Repeat the data word for word. Do not include the pictures.

Supplied material ▸
----
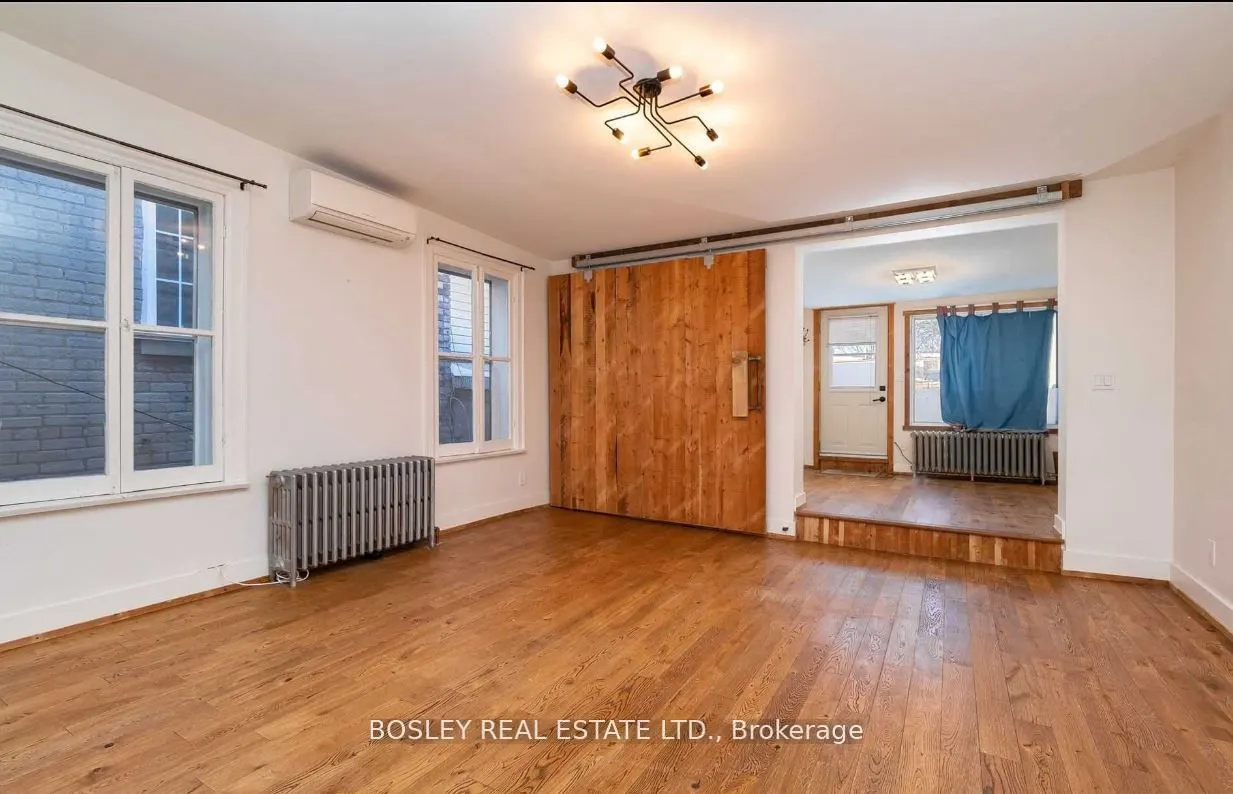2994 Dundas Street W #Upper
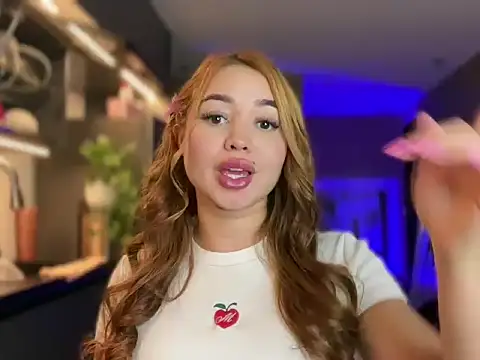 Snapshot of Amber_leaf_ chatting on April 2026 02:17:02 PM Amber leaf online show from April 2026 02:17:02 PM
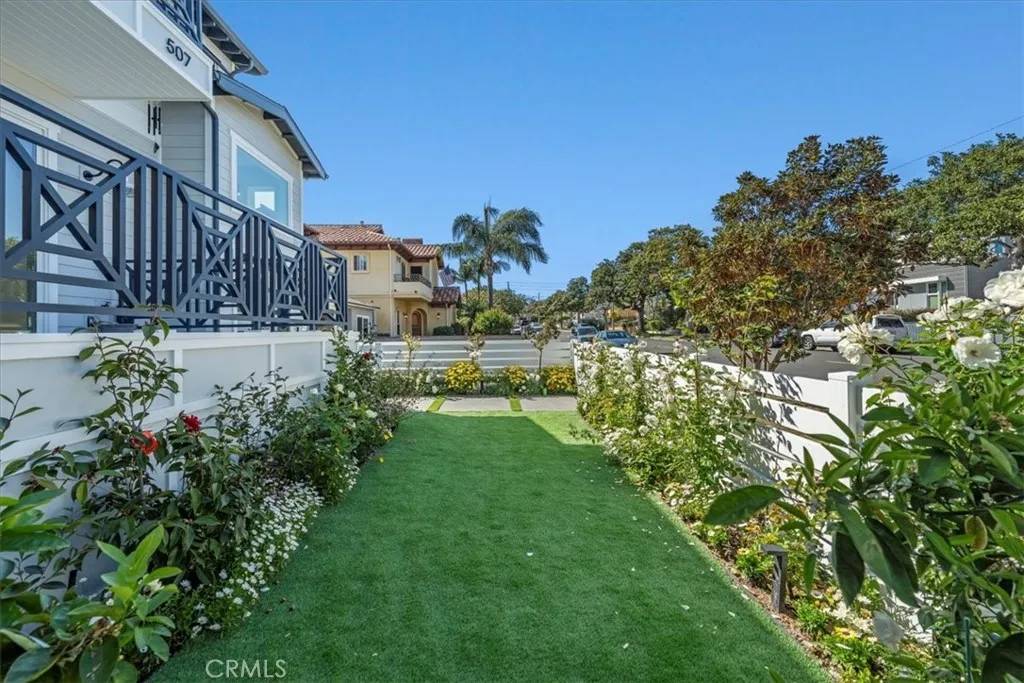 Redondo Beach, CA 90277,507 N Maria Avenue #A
----
Result for this exercise ▸
2994 Dundas Street W #Upper
 Snapshot of Amber_leaf_ chatting on April 2026 02:17:02 PM Amber leaf online show from April 2026 02:17:02 PM
 Redondo Beach, CA 90277,507 N Maria Avenue #A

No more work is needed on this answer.